Given the above definitions and the location of the output \(y_{i,j}\), we can compute the input locations affecting the output via the filter as the interval below:

\[x_{i,j} = \alpha*y_{i,j} + \beta + [-\frac{\Delta-1}{2}, \frac{\Delta-1}{2}]\]

This equation may seem arbitrary and hard to reason about, but if you draw out a simple convolution using a 3x3 filter on a, say, 10x10 image with padding 1, you will see that this equation holds true. More importantly, this equation is common to all types of filters, but the specific values of \(\Delta\), \(\alpha\) and \(\beta\) vary by filter type.

Let’s take a look at 3 of the most common filters for which receptive field computations differ.

Convolutional Layer

As we know, a Convolutional layer just applies a convolution operation on an image using a fixed size filter. Here the filter is of size \(k\), with stride \(s\) and the padding on the input is \(P\), then we have the following definitions for the filter:

\[\alpha = s\]

The filter’s receptive field is the same as the filter size, i.e.

\[\Delta = k\]

It is important to note that \(k\) is the effective kernel dimension. Thus, with dilation \(d\), \(k\) would actually be “\(d*(k-1) + 1\)” but we assume \(d=1\) for simplicity.

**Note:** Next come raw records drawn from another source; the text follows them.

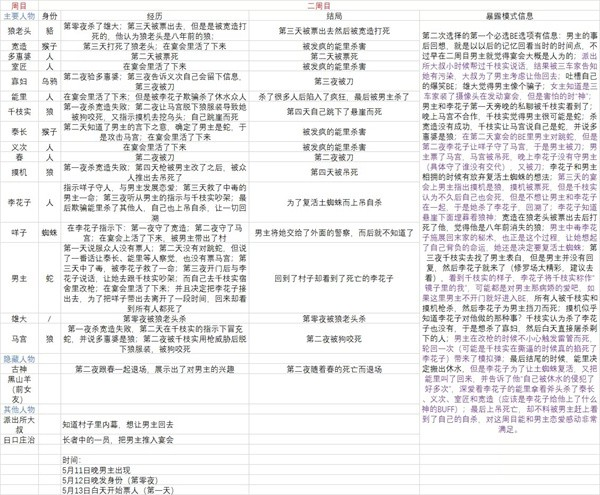 人狼村之谜中文版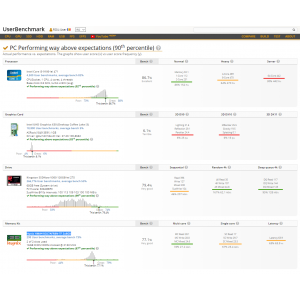 UserBenchmark B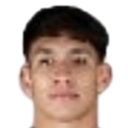 Axel Fernando Galeano Duarte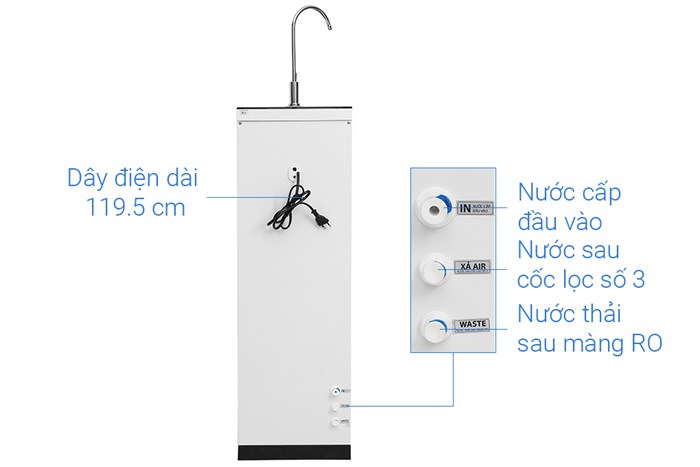 Máy lọc nước RO Karofi Optimus Pro O-i439 9 lõi Màu Trắng - Đen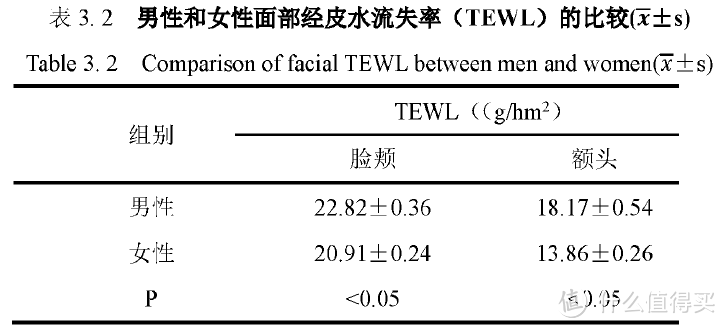 为什么男人的脸更容易出油？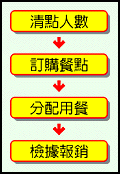 清點人數-訂購餐點-分配用餐-檢據報銷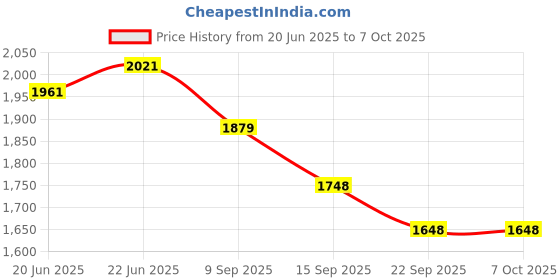 flipkart.com kiyan traders tl study1 Study Lamp kiyan traders Price History Graph from 20 Jun 2025 to 6 Oct 2025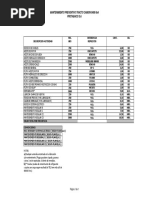 Mantenimiento Preventivo T800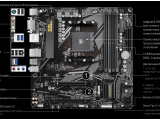 Материнская плата Gigabyte sAM4: B550M DS3H 22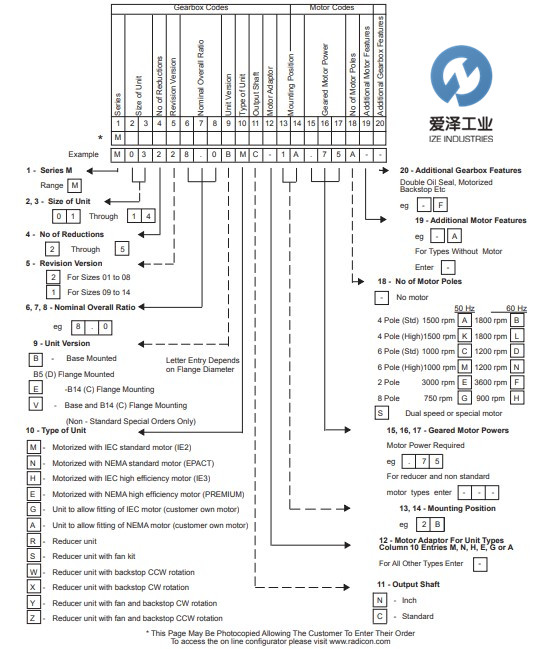 RIDICON減速機(jī)M系列 愛澤工業(yè) izeindustries.jpg RIDICON減速機(jī)M系列 愛澤工業(yè) izeindustries.jpg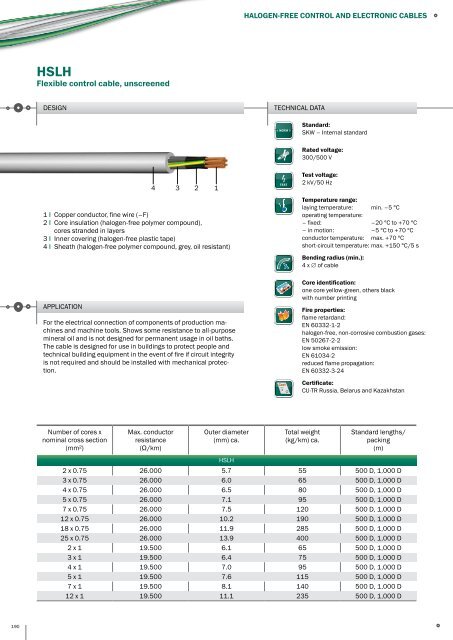 PRAKAB Export Catalogue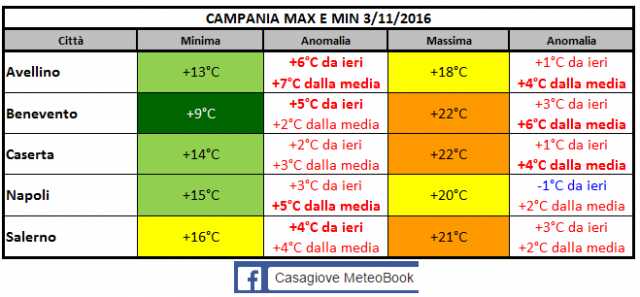 campania temp 3-11.PNG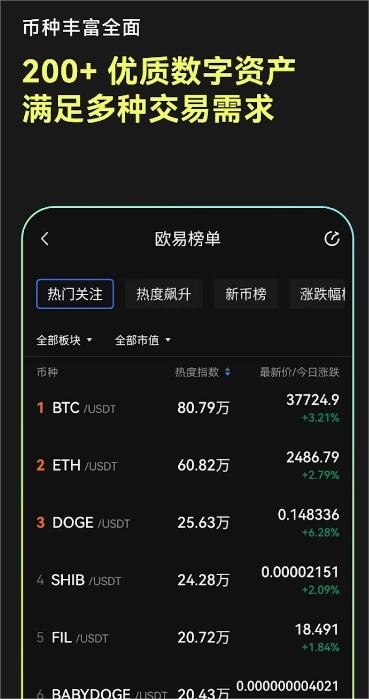 数字货币交易app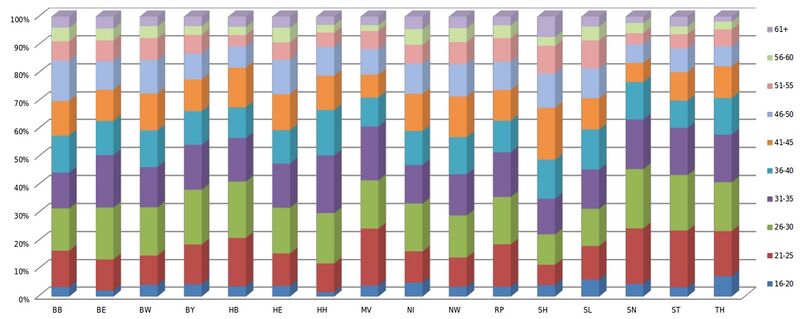 Datei:Altersstruktur LVs.jpg
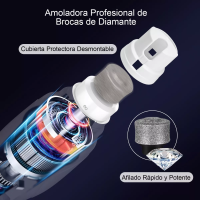 Foto 3 pulgar | Set Cortaúñas Perro Molinillo De Uñas Mascota, Luz Led Recargable Eo Safe Imports Esi-9832-1 Blanco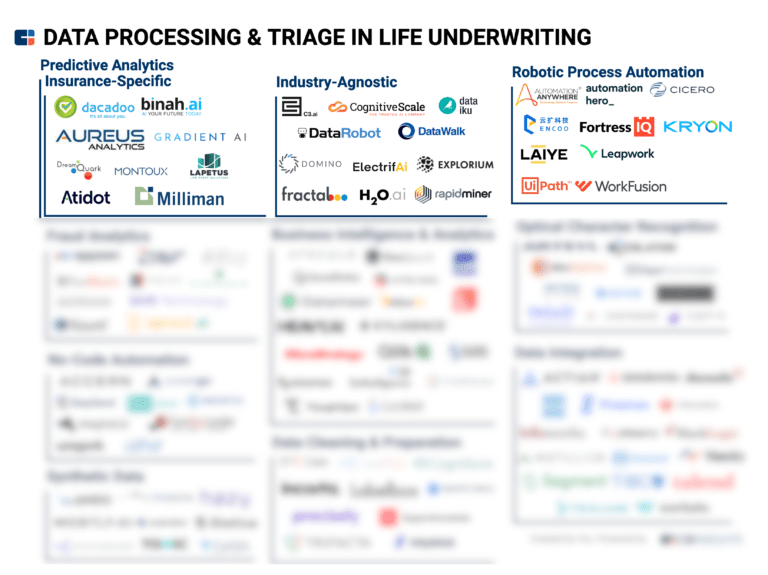 Tech Market Map Report: Data Processing & Triage in Life Insurance - CB ...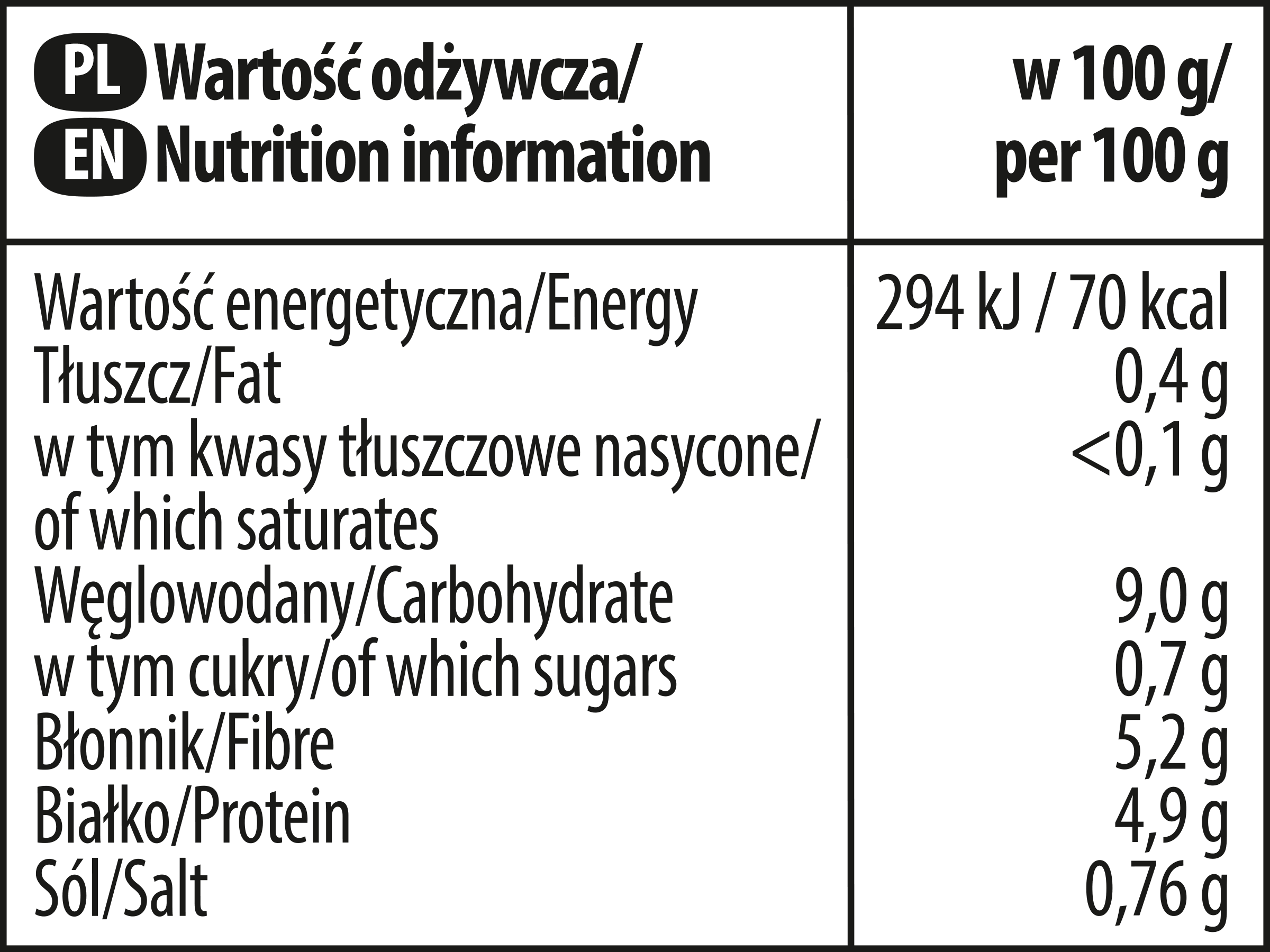 Nutrition info for this product.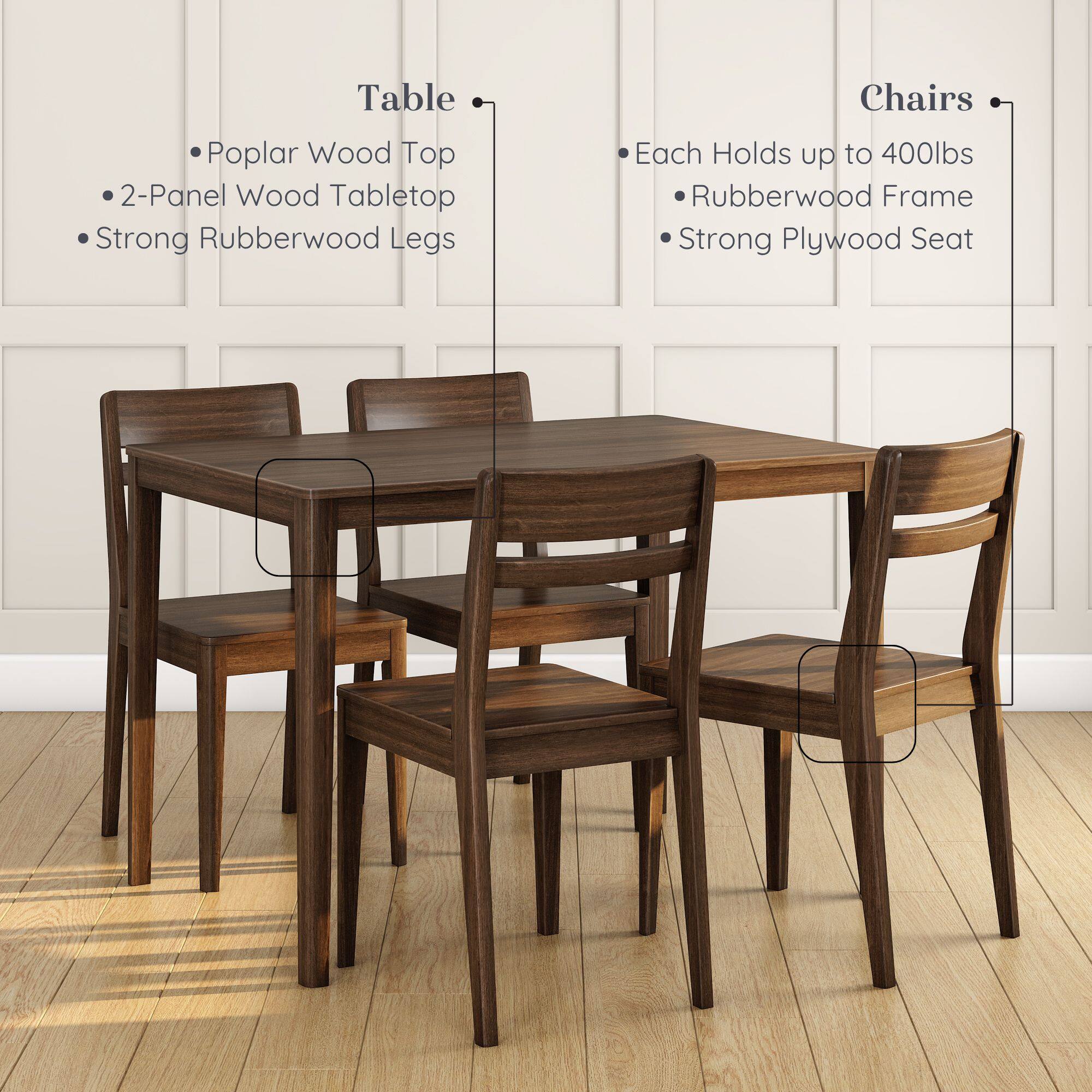 Table
- Poplar Wood Top
- 2-Panel Wood Tabletop
- Strong Rubberwood Legs

Chairs
- Each Holds up to 400lbs
- Rubberwood Frame
- Strong Plywood Seat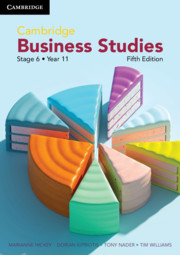 Cambridge Business Studies Stage 6 Year 11 Online Teaching Suite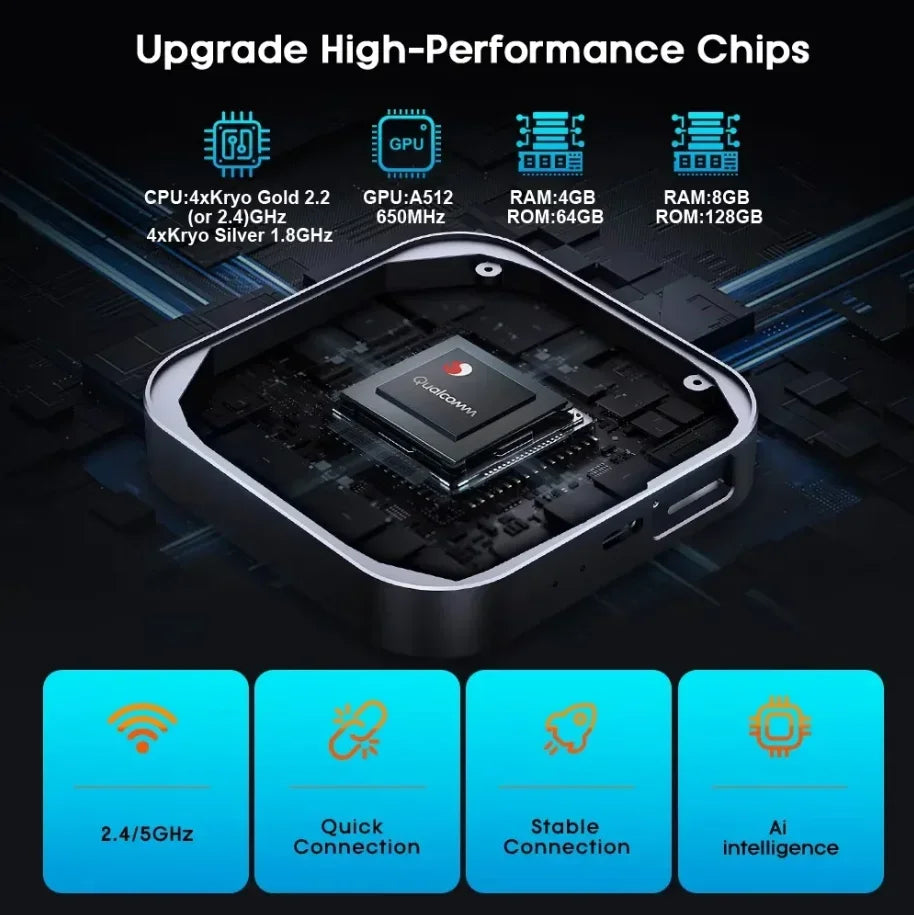 3in1 Ai Box 4G For apple android auto wireless carplay adapter Adaptor For netflix Youtube 4k Ai Box android 13 8+128G WIFI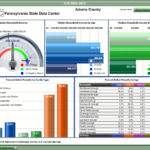 Download Free Excel Dashboard Templates! Collection Of Hand Picked ... And Free Kpi Dashboard Software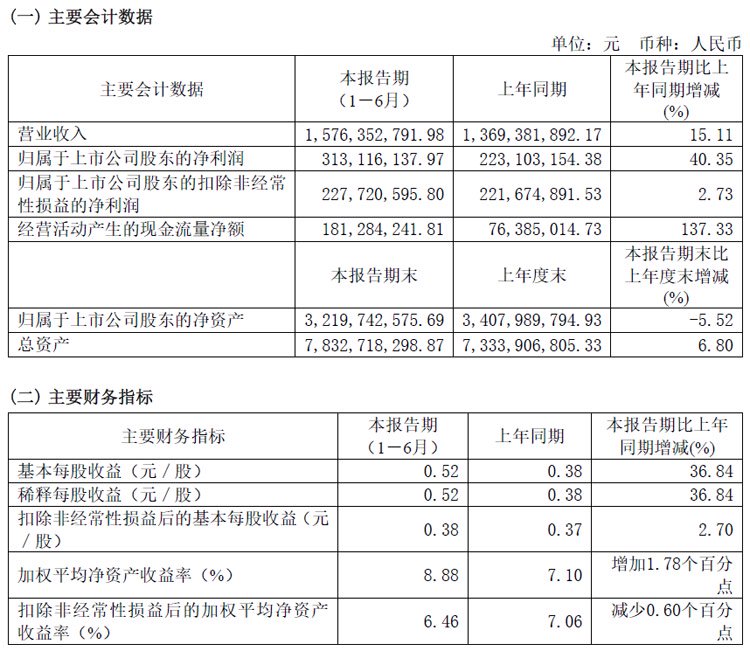 彤程新材半年报:营收15.76亿元,显示面板光刻胶业务快速发展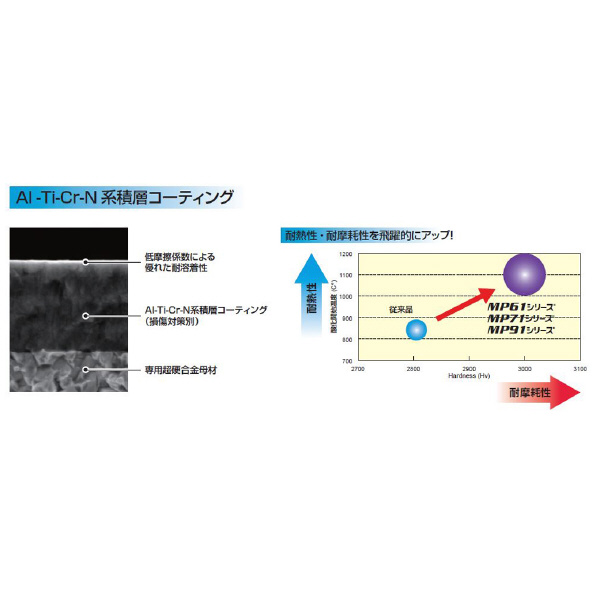 三菱マテリアル（株） カッタチップ JDMT カッタチップ（超硬コーティング） JDMT09T323ZDER-JL MP7130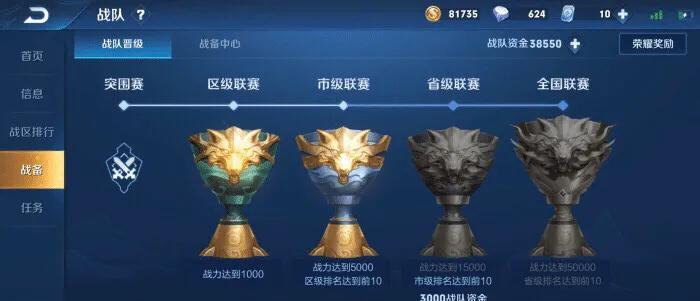 魔力宝贝私服职业搭配策略 打造无敌战队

The offset of the filter center on the input is given by

\[\beta = \frac{k-1}{2} - P\]

We derive these values only along a single dimension, rather than 2 dimensions as is common in images, but these equations generalize to multidimensional cases and can be quite easily derived given the information here.

Pooling Layer

Pooling layers (such as Max-pooling and Average-pooling) are common operations for subsampling the input as a form of dimensionality reduction. As such, they can be viewed as filters with a fixed window size, beginning offset and stride.

The receptive field of the pooling filter is the same as the window size, therefore

\[\Delta = k\]

Similarly, the stride is the stride of the filter,

\[\alpha = s\]

However, the offset can be a bit tricky to compute for the pooling layer since the output size of the layer is pre-computed based on the input dimension and the parameters of the filter such as stride and kernel size. Thus, any padding applied is “implicit” and not “explicit” like in Convolutional layers. By implicit, we mean that padding is assumed and only added to the bottom and right in the case of 2D feature maps rather than tacked onto the input. This would mean that for example, on a 10x10 input map with a 3x3 filter of stride 2, the filter would overrun the input at the bottom since only rows 9 and 10 would fit in the kernel window. What happens then is that the 11th row is assumed to be \(-\infty\) in the case of Max-pooling.

To compute the output height \(H\) and output width \(W\), one can use the following formula:

\[\begin{matrix} W = \lfloor(w - k_w + 2*P_w) / s_w\rfloor + 1 \\ H = \lfloor(h - k_h + 2*P_h) / s_h\rfloor + 1 \end{matrix}\]

Here \(P_w\) and \(P_h\) are the padding values you specify, but this need not be the actual padding applied.

From the above equation, we can compute the needed padding using some cleverness in the floor function as

\[\begin{matrix} P_w^\prime = \lfloor{(W*s_w - w + k_w) / 2}\rfloor \\ P_h^\prime = \lfloor{(H*s_h - h + k_h) / 2}\rfloor \end{matrix}\]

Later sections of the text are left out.